Schutt wants Cricket Australia to stand up and use its global platform to do more to promote inclusion on the national team shirts – more so for the benefit of male cricketers than the women’s team, where sexuality is not even a talking point in the dressing room.
“I don’t really like half-arsed diversity. It’s great Cricket Australia goes with Pride month. They change their logo for a month on twitter and that’s great. But they’re not probably doing enough outside of that to continue that inclusivity,” Schutt said.
“The Cairns basketball team didn’t want to wear their logo – that’s where CA can jump in and say, ‘well hang on, we’re inclusive and this is what we’re going to do.
“If I did have the chance to talk to Nick Hockley (CA chief executive), I’d love to talk about that.
“It doesn’t have to be an entire (Pride) shirt. But imagine, the Pride flag. Not just the rainbow, but the proper one, the trans-inclusive, everything inclusive flag.
“Put that on the collar or the sleeve and keep it constant.
“We’ve finally got there and put the Walkabout Wickets logo to do with our indigenous background. And how many years has that taken. That’s a constant now on every single jersey, the way it should be.
“Why can’t we do something similar in terms of Pride stuff?”
In the women’s dressing room there is Schutt and her wife Jess and their daughter, Rylee – and on the other side heterosexual married couple Alyssa Healy and Mitchell Starc.
In the England women’s team, stars Nat Sciver and Katherine Brunt are married to each other and now have ‘Sciver-Brunt’ as the name on the back of both of their shirts.
And no one bats an eyelid.
“100 per cent, everything is normal. You just don’t think twice. It’s not even until I have these conversations that I realise not reveryone is lucky to have that environment,” Schutt said.
“You don’t really think about sex. That’s how I believe society should be in general. Sexuality is fluid. Imagine if everyone could be that way. Just to freely talk about whatever, without fear of judgment. It would be a wonderful place.”

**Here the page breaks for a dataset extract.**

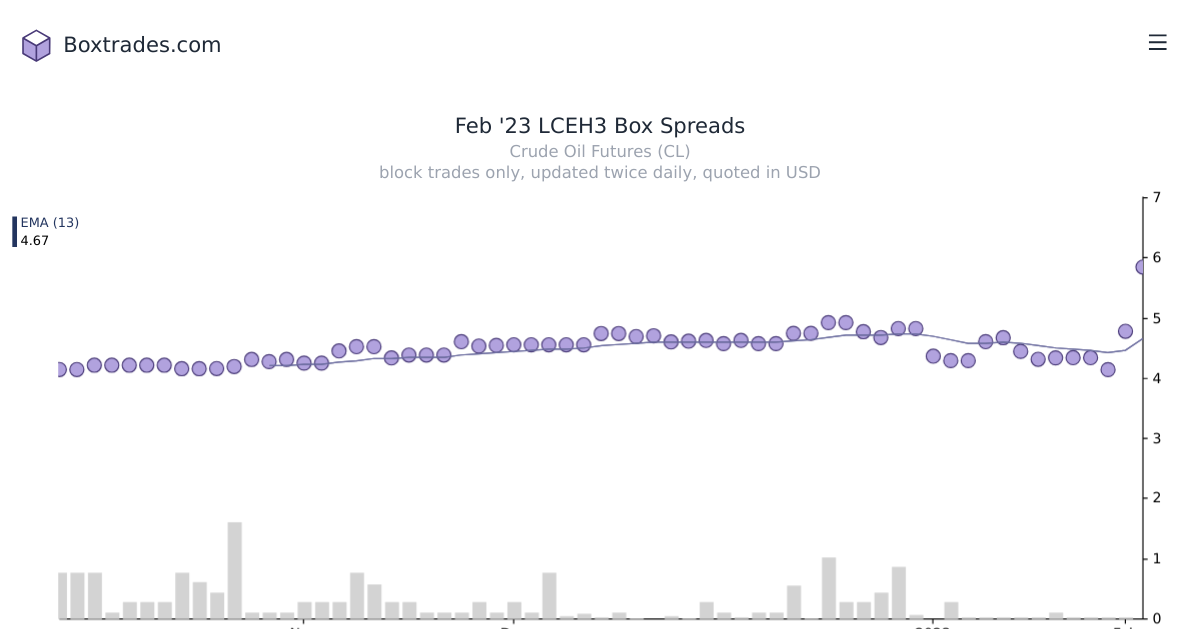 Chart of Feb '23 LCEH3 yields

Schutt hopes for a similar future for closeted gay male cricketers.
“As I said, gay women have it easier and until men can feel comfortable that’s going to be the true barometer really,” Schutt said.
“The fact there’s no gay cricketers out is sad because statistically there has to be many of them.
“I think those barriers are starting to come down. I would like to think most of the men (Australian players) I met at the Australian Cricket Awards recently don’t care I’m gay and they wouldn’t care if their teammates were gay.”